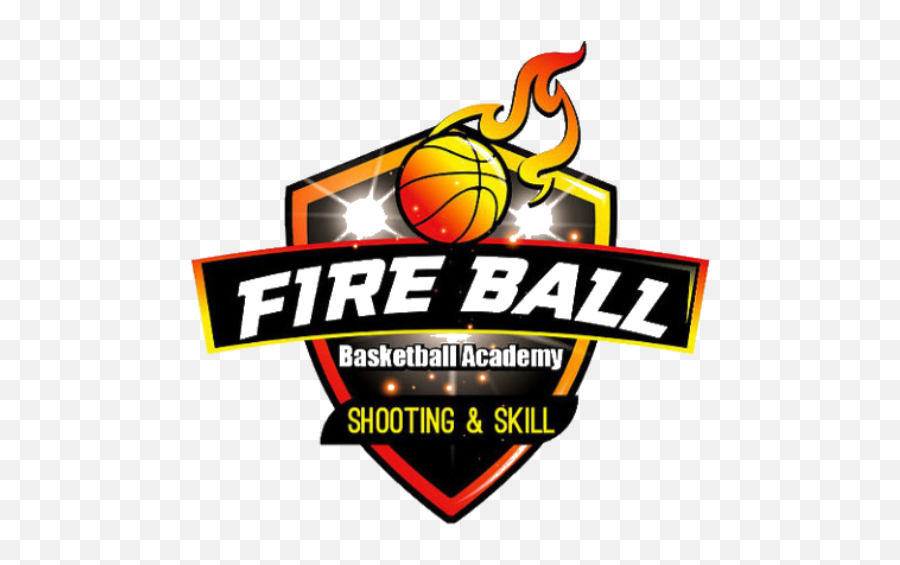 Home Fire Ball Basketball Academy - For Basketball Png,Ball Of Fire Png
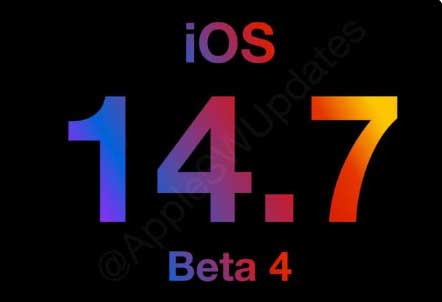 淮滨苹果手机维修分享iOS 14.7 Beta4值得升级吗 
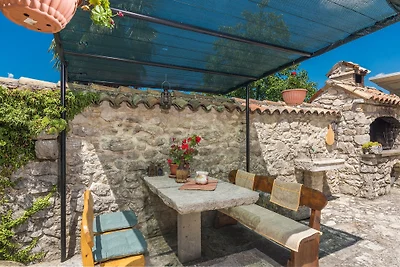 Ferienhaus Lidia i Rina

---

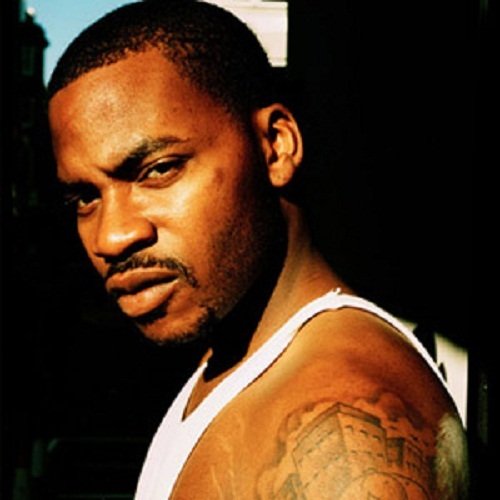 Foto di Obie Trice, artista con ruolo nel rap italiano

--

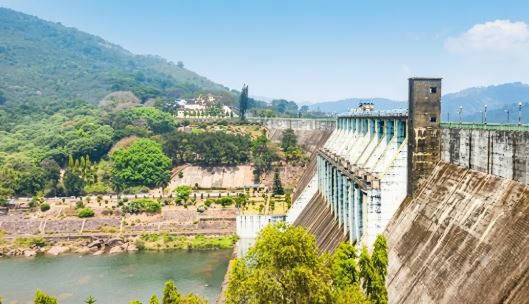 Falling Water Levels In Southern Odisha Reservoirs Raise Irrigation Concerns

Directions for this task:
From the records above, return exactly the lines running from the one that contains "Home Fire Ball" down to the one that contains "Ferienhaus Lidia i Rina", both included, without any pictures.

Response to this exercise:
 Home Fire Ball Basketball Academy - For Basketball Png,Ball Of Fire Png
 淮滨苹果手机维修分享iOS 14.7 Beta4值得升级吗 
 Ferienhaus Lidia i Rina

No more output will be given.